Several years ago, a study examined changes in student test scores following renovations meant to improve indoor air quality.

The renovations—which were done in a Texas district and cost between $300,000 and $500,000 depending on the school—addressed mold, high VOC (volatile organic compound) levels and poor ventilation at 66 elementary schools. The results were astounding.

The research showed an improvement in standardized testing pass rates of 2-4%, depending on the type of renovations—more extension projects generally produced greater improvements in student achievement. The study found that making air quality improvements would be a more cost-effective way to improve test scores than reducing class sizes and hiring more teachers.

Ventilation and Fresh Air

Do a quick Google search and you’ll find countless studies like this, which link fresh air to increased learning and retention. Yet for years, school districts have been diverting maintenance funding away from facilities and maintenance to use on other perceived priorities.

As an example, when I started as the director of facilities, maintenance, and operations at East Side Union High School District in San Jose a few years ago, HVAC techs were intentionally disabling ventilation systems. Talk about not having a clue!

Benefits of Ventilation and Fresh Air

The benefits of clean ventilation and fresh air in dealing with respiratory illness dates back centuries. In 1631, concluding that indoor conditions were causing health problems, King Charles I decreed that the ceilings in houses in England must be 10 feet high or more and that windows must be higher than their width to allow for natural ventilation.

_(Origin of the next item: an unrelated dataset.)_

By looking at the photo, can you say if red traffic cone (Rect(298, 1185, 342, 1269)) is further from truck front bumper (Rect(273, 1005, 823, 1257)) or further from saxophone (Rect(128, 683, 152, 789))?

If the leader of the British Empire nearly 400 years ago recognized the importance of circulation and ventilation, why can’t school district officials, building superintendents and others in positions to make real change when it comes to fresh air?

Things Could’ve Been Different

And then there’s Dr. George Bodington. You likely haven’t heard of George Bodington. He was a British general practitioner who specialized in pulmonary medicine. In 1840, the good doctor published an essay called “On the Treatment and Cure of Pulmonary Consumption” where he condemned all contemporary treatments for pulmonary diseases like tuberculosis. Instead, Bodington advocated for a combination of fresh air, gentle exercise outdoors and a nutritious, varied diet.

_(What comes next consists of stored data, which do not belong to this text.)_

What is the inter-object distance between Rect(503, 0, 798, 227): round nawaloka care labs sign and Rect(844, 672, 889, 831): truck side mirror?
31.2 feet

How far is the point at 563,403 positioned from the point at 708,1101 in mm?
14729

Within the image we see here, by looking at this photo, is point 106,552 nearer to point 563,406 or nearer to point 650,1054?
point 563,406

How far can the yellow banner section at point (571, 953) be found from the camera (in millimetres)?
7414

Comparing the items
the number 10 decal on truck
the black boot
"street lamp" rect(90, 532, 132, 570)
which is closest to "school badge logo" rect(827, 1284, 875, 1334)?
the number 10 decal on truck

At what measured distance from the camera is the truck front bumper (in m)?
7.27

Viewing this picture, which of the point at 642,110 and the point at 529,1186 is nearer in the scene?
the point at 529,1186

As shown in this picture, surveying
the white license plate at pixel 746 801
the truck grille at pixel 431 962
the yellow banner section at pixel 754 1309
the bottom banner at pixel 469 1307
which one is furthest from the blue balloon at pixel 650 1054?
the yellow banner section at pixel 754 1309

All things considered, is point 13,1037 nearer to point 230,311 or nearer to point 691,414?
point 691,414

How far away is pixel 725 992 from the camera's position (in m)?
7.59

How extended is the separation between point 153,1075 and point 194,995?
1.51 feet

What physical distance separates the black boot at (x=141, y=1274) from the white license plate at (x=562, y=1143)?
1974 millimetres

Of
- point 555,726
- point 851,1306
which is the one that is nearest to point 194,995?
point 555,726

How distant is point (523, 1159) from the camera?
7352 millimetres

Bodington wrote that he observed that people who spent the majority of their time indoors were more susceptible to tuberculosis than those who worked outside, like farmers, shepherds and plowmen—they were usually free of the disease. Instead of being praised for his findings, Bodington and his assertions were attacked, and he became disheartened with his pulmonary research. He finished his medical career studying insanity while running an asylum.

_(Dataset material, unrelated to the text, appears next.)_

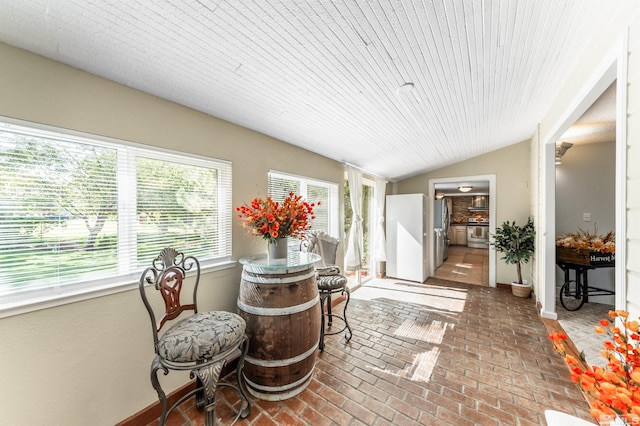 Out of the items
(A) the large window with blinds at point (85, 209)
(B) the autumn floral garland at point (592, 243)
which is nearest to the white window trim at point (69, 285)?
(A) the large window with blinds at point (85, 209)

Following Bodington, as early as 1872, there was a feeling that carbon dioxide concentration closely correlates to perceived air quality, and in 1919, the British Medical Journal wrote that the best way to combat influenza infection was deep breathing of cool fresh air and sleeping in the open.

Ventilation and Fresh Air

If you Google the words ‘ventilation and COVID-19,’ you’ll find numerous articles from the CDC and the American Society of Heating, Refrigerating and Air-Conditioning Engineers about using fresh air to treat illness like it’s some new miracle cure. We’ve known about its benefits for hundreds of years. It is alarming how long we’ve known about the benefits of clean air without acting on that knowledge.